**Information shown**
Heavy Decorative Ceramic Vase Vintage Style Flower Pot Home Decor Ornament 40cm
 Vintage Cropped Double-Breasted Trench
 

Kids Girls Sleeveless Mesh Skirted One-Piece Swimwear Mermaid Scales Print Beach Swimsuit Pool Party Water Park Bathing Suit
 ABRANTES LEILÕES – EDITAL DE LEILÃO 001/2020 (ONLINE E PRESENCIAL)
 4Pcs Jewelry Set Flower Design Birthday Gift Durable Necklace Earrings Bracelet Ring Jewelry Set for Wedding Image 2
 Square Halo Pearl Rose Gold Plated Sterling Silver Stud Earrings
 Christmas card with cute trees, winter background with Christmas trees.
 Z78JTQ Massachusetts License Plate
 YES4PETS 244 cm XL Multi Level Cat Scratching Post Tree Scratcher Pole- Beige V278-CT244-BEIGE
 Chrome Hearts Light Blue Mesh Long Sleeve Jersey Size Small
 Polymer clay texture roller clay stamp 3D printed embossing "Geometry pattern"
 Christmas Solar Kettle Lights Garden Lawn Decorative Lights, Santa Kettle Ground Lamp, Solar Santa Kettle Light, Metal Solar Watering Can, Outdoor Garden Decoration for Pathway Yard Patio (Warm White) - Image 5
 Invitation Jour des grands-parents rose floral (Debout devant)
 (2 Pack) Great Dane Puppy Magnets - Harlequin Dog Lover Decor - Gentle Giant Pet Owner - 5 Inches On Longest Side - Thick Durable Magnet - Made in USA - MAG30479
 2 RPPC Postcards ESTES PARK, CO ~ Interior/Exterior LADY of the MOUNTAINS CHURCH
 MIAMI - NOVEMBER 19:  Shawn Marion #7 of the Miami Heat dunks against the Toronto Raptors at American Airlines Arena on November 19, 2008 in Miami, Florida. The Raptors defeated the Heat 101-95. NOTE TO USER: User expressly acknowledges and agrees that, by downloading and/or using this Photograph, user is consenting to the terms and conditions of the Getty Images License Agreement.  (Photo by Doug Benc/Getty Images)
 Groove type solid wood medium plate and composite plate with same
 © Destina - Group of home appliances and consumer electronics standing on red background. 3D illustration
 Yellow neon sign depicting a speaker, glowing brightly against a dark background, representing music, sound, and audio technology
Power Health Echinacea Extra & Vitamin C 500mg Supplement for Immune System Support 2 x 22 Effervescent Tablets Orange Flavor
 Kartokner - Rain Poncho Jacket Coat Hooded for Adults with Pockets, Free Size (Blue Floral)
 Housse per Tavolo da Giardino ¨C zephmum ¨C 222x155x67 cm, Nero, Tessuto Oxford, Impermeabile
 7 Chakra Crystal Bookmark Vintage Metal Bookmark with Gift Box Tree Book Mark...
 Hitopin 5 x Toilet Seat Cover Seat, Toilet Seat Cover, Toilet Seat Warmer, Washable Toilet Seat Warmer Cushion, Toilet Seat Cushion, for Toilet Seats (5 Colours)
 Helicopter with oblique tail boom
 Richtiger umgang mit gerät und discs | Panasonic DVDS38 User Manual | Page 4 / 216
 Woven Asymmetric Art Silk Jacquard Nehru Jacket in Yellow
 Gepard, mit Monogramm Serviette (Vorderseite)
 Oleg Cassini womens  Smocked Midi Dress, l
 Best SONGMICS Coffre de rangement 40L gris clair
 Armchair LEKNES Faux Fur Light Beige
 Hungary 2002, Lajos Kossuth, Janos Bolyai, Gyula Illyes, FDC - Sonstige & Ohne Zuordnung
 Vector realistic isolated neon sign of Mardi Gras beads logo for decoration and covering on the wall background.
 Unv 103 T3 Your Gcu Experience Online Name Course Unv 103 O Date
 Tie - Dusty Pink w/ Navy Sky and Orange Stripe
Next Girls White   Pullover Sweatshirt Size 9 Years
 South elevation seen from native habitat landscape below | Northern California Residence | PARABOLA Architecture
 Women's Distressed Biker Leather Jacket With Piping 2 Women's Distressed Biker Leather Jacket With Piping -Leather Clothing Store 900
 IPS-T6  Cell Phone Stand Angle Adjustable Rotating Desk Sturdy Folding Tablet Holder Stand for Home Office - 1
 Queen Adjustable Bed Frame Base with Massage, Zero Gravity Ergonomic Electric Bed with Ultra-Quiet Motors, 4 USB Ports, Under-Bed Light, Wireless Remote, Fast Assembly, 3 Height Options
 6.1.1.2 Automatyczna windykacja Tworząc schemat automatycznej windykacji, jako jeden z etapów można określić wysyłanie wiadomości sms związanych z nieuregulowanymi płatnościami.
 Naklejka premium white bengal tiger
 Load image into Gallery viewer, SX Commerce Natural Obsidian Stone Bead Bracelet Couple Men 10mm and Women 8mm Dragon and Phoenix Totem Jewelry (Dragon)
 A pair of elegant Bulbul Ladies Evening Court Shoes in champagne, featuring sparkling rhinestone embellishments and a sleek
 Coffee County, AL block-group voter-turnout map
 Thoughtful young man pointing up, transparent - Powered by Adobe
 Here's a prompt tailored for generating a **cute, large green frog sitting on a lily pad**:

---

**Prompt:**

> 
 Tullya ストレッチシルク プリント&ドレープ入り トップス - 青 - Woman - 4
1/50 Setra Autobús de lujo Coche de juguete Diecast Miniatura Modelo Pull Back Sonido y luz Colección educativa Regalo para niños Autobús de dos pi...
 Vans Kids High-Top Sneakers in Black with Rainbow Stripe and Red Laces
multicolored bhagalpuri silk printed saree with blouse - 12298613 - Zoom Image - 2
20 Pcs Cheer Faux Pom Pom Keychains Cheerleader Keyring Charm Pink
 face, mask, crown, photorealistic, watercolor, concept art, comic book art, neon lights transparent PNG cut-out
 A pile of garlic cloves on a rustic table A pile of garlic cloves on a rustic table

**Exercise objective**
Find every line in the listing that holds the string "Kids", then say how many there are as a bare number.

**The completed task**
2